The ideological capture of chemistry: Chemophobia and social justice

July 30, 2024 • 11:30 am

As I’m doing a lot of preparation for my trip to South Africa, I have neither the time nor the will to dissect the article below, a piece that appeared in The Journal of Chemical Education. As is so often the case with these articles that try to use science education to create what they call “Social Justice”, it’s poorly written, illustrated with childish and uninformative figures, and—worse—so poorly argued that I can’t even see its main point. It has something to do with teaching chemistry in a more “inclusive” way, but gives no serious methodology for doing so beyond talking about social justice in chemistry class.
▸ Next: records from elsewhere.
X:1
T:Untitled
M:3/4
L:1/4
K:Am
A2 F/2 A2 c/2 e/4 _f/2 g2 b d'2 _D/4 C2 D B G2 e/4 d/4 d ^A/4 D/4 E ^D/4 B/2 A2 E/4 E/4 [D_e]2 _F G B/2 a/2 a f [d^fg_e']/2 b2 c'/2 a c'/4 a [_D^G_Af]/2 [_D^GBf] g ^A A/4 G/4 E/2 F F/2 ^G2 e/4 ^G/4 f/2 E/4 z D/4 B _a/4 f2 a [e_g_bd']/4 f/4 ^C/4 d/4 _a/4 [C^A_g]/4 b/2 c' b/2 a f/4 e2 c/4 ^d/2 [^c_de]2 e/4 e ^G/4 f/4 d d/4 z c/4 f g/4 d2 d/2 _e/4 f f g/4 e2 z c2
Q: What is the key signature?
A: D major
In the end, it’s simply a performative act that says, “Hey, there’s real structural racism in chemistry, and we two chemists are on the side of the minoritized. ” Click below to read, or download the pdf here.
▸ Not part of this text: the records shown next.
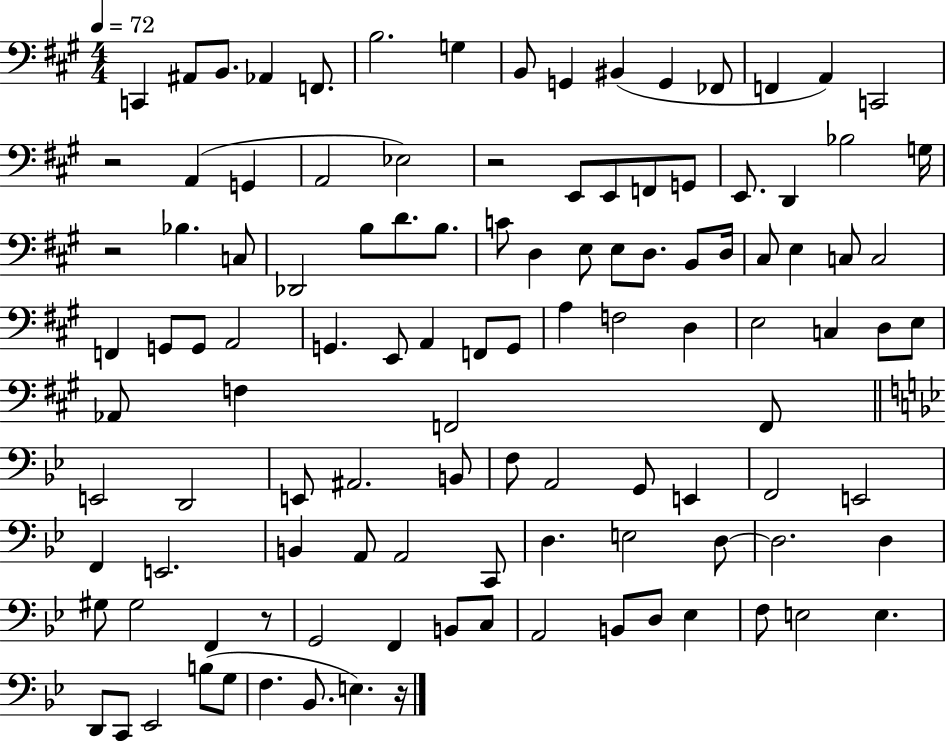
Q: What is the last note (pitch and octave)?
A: E3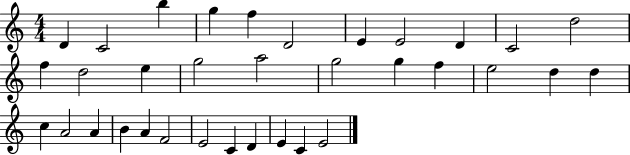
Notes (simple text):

D4/q C4/h B5/q G5/q F5/q D4/h E4/q E4/h D4/q C4/h D5/h F5/q D5/h E5/q G5/h A5/h G5/h G5/q F5/q E5/h D5/q D5/q C5/q A4/h A4/q B4/q A4/q F4/h E4/h C4/q D4/q E4/q C4/q E4/h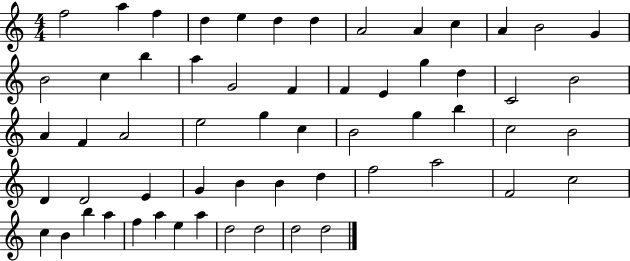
X:1
T:Untitled
M:4/4
L:1/4
K:C
f2 a f d e d d A2 A c A B2 G B2 c b a G2 F F E g d C2 B2 A F A2 e2 g c B2 g b c2 B2 D D2 E G B B d f2 a2 F2 c2 c B b a f a e a d2 d2 d2 d2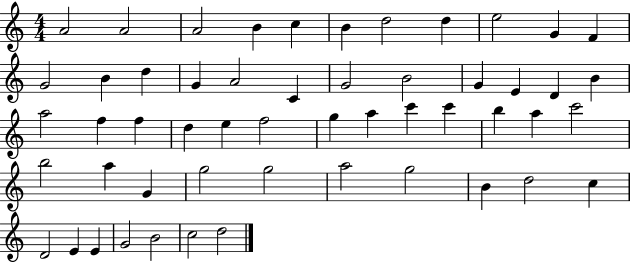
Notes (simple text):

A4/h A4/h A4/h B4/q C5/q B4/q D5/h D5/q E5/h G4/q F4/q G4/h B4/q D5/q G4/q A4/h C4/q G4/h B4/h G4/q E4/q D4/q B4/q A5/h F5/q F5/q D5/q E5/q F5/h G5/q A5/q C6/q C6/q B5/q A5/q C6/h B5/h A5/q G4/q G5/h G5/h A5/h G5/h B4/q D5/h C5/q D4/h E4/q E4/q G4/h B4/h C5/h D5/h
Below there’s also a critique of this article by Jordan Beck; a critique published in Heterodox STEM.

Just a few excepts from the article above to give a sense of its inanity, and AI-style boilerplate:

Sexism, racism, queerphobia, and ableism (among many other forms of discrimination) continue to permeate society and culture. Existing as a multiply marginalized individual exacerbates these inequities. Intersectionality as a concept was described in the academic literature by Crenshaw in 1989, explaining how individuals could experience specific, compounded discrimination, not simply additive.
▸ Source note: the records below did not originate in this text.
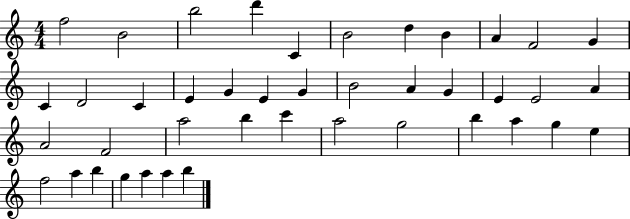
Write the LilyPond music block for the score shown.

{
  \clef treble
  \numericTimeSignature
  \time 4/4
  \key c \major
  f''2 b'2 | b''2 d'''4 c'4 | b'2 d''4 b'4 | a'4 f'2 g'4 | \break c'4 d'2 c'4 | e'4 g'4 e'4 g'4 | b'2 a'4 g'4 | e'4 e'2 a'4 | \break a'2 f'2 | a''2 b''4 c'''4 | a''2 g''2 | b''4 a''4 g''4 e''4 | \break f''2 a''4 b''4 | g''4 a''4 a''4 b''4 | \bar "|."
}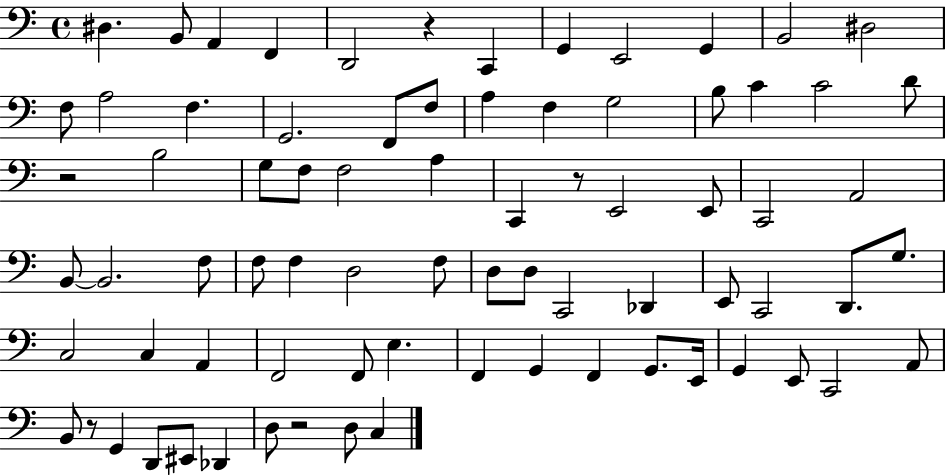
D#3/q. B2/e A2/q F2/q D2/h R/q C2/q G2/q E2/h G2/q B2/h D#3/h F3/e A3/h F3/q. G2/h. F2/e F3/e A3/q F3/q G3/h B3/e C4/q C4/h D4/e R/h B3/h G3/e F3/e F3/h A3/q C2/q R/e E2/h E2/e C2/h A2/h B2/e B2/h. F3/e F3/e F3/q D3/h F3/e D3/e D3/e C2/h Db2/q E2/e C2/h D2/e. G3/e. C3/h C3/q A2/q F2/h F2/e E3/q. F2/q G2/q F2/q G2/e. E2/s G2/q E2/e C2/h A2/e B2/e R/e G2/q D2/e EIS2/e Db2/q D3/e R/h D3/e C3/q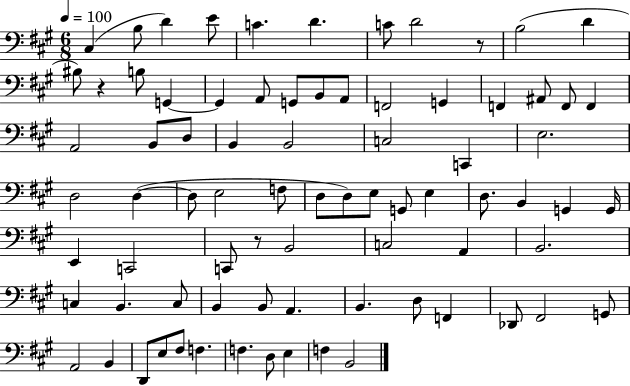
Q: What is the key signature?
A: A major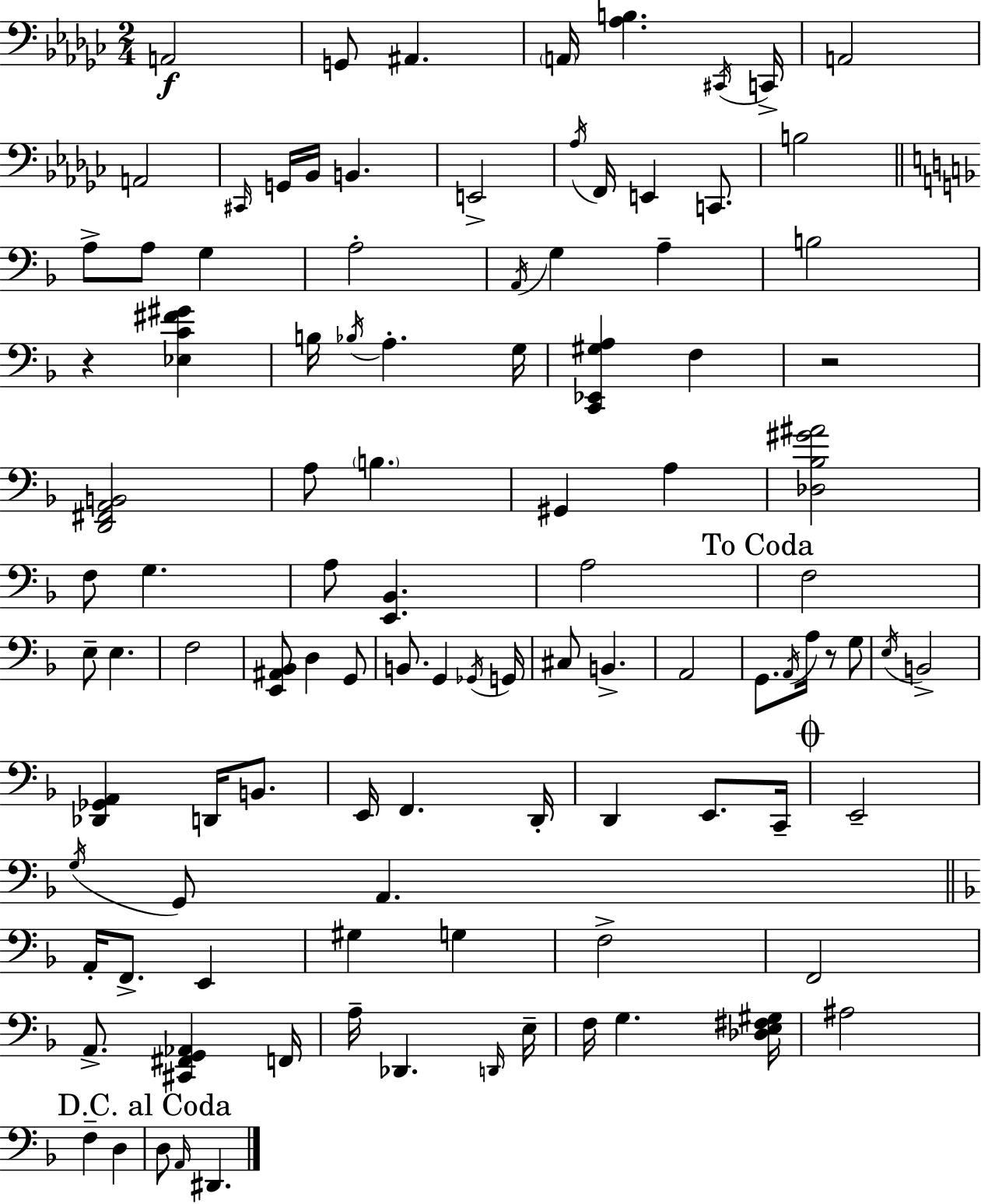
X:1
T:Untitled
M:2/4
L:1/4
K:Ebm
A,,2 G,,/2 ^A,, A,,/4 [_A,B,] ^C,,/4 C,,/4 A,,2 A,,2 ^C,,/4 G,,/4 _B,,/4 B,, E,,2 _A,/4 F,,/4 E,, C,,/2 B,2 A,/2 A,/2 G, A,2 A,,/4 G, A, B,2 z [_E,C^F^G] B,/4 _B,/4 A, G,/4 [C,,_E,,^G,A,] F, z2 [D,,^F,,A,,B,,]2 A,/2 B, ^G,, A, [_D,_B,^G^A]2 F,/2 G, A,/2 [E,,_B,,] A,2 F,2 E,/2 E, F,2 [E,,^A,,_B,,]/2 D, G,,/2 B,,/2 G,, _G,,/4 G,,/4 ^C,/2 B,, A,,2 G,,/2 A,,/4 A,/4 z/2 G,/2 E,/4 B,,2 [_D,,_G,,A,,] D,,/4 B,,/2 E,,/4 F,, D,,/4 D,, E,,/2 C,,/4 E,,2 G,/4 G,,/2 A,, A,,/4 F,,/2 E,, ^G, G, F,2 F,,2 A,,/2 [^C,,^F,,G,,_A,,] F,,/4 A,/4 _D,, D,,/4 E,/4 F,/4 G, [_D,E,^F,^G,]/4 ^A,2 F, D, D,/2 A,,/4 ^D,,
These societal inequities are reflected and reproduced in chemistry. Stereotypes about who can and cannot succeed in chemistry persist, in combination with inequality of participation and research funding success statistics, leading to homogeneity in groups communicating and conducting scientific research. Important work has highlighted the contributions of racially minoritized chemists in curricula, which is a key aspect of teaching chemistry both in schools and in postcompulsory education.  Chemistry-specific inequities also include privileging only certain, narrow forms of “expert” scientific knowledge, e.g., prioritizing academic language which advantages the dominant cultural groups of chemistry students, graduates, and academics–an “untranslatable code” for those outside. This leads to individuals who do not see themselves as “properly” scientific or think that genuine fears of chemistry and/or chemicals will be dismissed, developing chemophobic attitudes. Therefore, when trying to challenge chemophobia, we have to consider these structural factors to avoid reinforcing existing views of being excluded, patronized, or dismissed. This social justice lens builds on previous models of chemophobia to explicitly identify these structures, highlighting additional challenges faced by marginalized group

These sense of this, insofar as it has any sense, is that the emphasis on merit in chemistry, and the use of language that conveys chemical concepts, is bigoted and creates “chemophobia.”

There’s more:

However, very little literature on chemophobia specifically considers structural factors, e.g., systemic racism, sexism, or unequal access to education, and where research identifies that certain marginalized subgroups in a population are more likely to endorse chemophobic attitudes, this is rarely interrogated or explained.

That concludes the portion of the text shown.